The New York Center controller and manager were unaware that American 11 had already crashed.
At 8:51 a.m., the controller noticed the change in the transponder reading from United 175. The controller asked United 175 to go back to the proper code. There was no response. Beginning at 8:52 a.m., the controller made repeated attempts to reach the crew of United 175. Still no response. The controller checked that his radio equipment was working and kept trying to reach United 175. He contacted another controller at 8:53 a.m., and worried that "we may have a hijack" and that he could not find the aircraft.
Events cascaded quickly.
Between 9:01 a.m. and 9:02 a.m., a manager from New York Center told the Command Center in Herndon:
MANAGER, NEW YORK CENTER: We have several situations going on here. It's escalating big, big time. We need to get the military involved with us . . . . We're, we're involved with something else, we have other aircraft that may have a similar situation going on here. . . .
The "other aircraft" New York Center referred to was United 175. Evidence indicates that this conversation was the only notice received prior to the second crash by either FAA headquarters or the Herndon Command Center that there was a second hijack. While Command Center was told about this "other aircraft" at 9:01 a.m., New York Center contacted New York terminal approach control and asked for help in locating United 175.
TERMINAL: I got somebody who keeps coasting but it looks like he's going into one of the small airports down there.
CENTER: Hold on a second.

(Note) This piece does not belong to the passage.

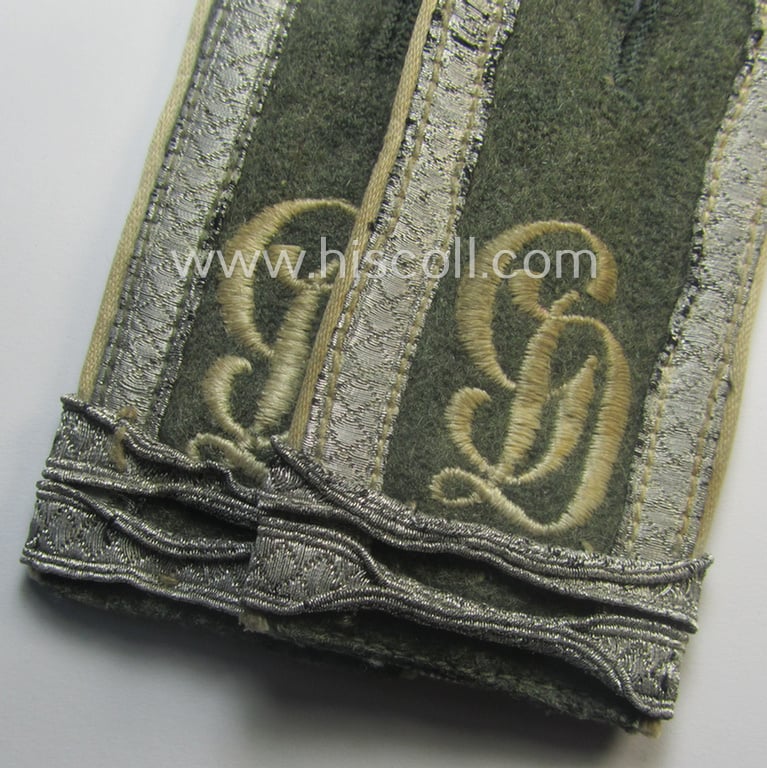 Moderately used- and/or clearly worn - fully matching and rarely encountered! - pair of WH (Heeres), early-war-period (ie. 'M41'-pattern styled-) NCO-type shoulderstraps for an: 'Uffz. u. Offizieranwärter eines Inf.-Rgts. der “Grossdeutschland”-Div.'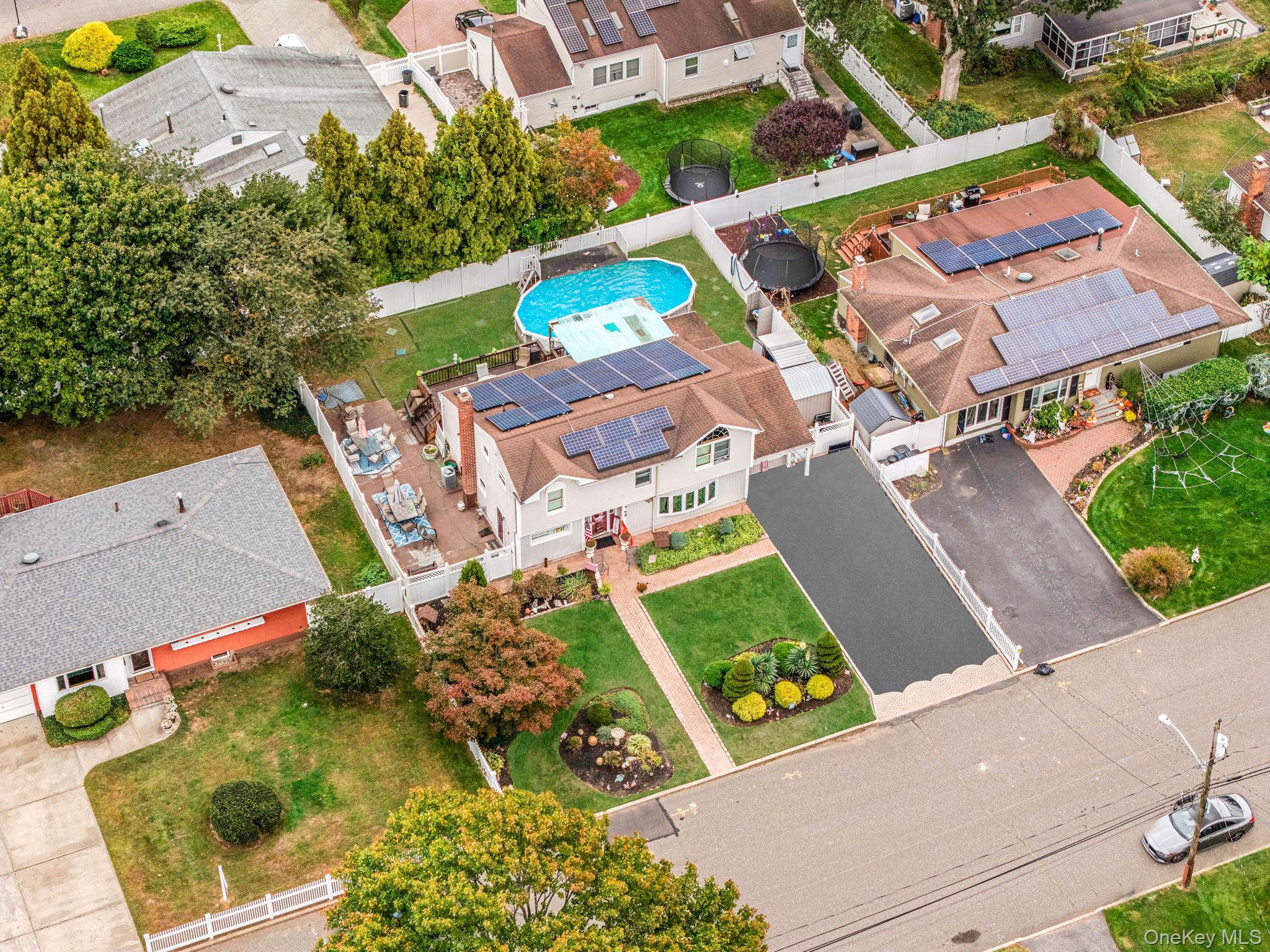 #3 photo, 197 E 2nd Street, サフォーク郡 Deer Park , NY 11729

I'm trying to bring him up here and get you ... there he is right there. Hold on.
TERMINAL: Got him just out of 9,500, 9,000 now.
CENTER: Do you know who he is?
TERMINAL: We're just, we just we don't know who he is. We're just picking him up now.
CENTER (at 9:02 am.): All right. Heads up man, it looks like another one coming in.
The controllers observed the plane in a rapid descent; the radar data terminated over lower Manhattan. At 9:03:02 a.m., United 175 crashed into the South Tower. Meanwhile, a manager from Boston Center reported that they had deciphered what they had heard in one of the first hijacker transmissions from American 11:
BOSTON CENTER: Hey you still there?
NEW ENGLAND REGION: Yes, I am.
BOSTON CENTER: I'm gonna reconfirm with, with downstairs, but the, as far as the tape seemed to think the guy said that "we have planes." Now, I don't know if it was because it was the accent, or if there's more than one, but I'm gonna, I'm gonna reconfirm that for you, and I'll get back to you real quick. Okay?
NEW ENGLAND REGION: Appreciate it.
UNIDENTIFIED FEMALE VOICE: They have what?
BOSTON CENTER: Planes, as in plural.
BOSTON CENTER: It sounds like, we're talking to New York, that there's another one aimed at the World Trade Center.
NEW ENGLAND REGION: There's another aircraft?
BOSTON CENTER: A second one just hit the Trade Center.
NEW ENGLAND REGION: Okay. Yeah, we gotta get ... we gotta alert the military real quick on this.
It was too late for anyone to do anything about the Trade Center towers. Time also proved too short for the military to react to the two planes headed for Washington, D.C., either. The 9/11 commission described the reaction by the FAA and military to the attacks as confused and clumsy. And we know, in retrospect, that government agencies could – and should – have been more alert to the possibilities of such an attack, based on intelligence information that was available during the summer of 2001. However, reaction to surprise attacks is rarely smooth and controlled. That's the "surprise" part.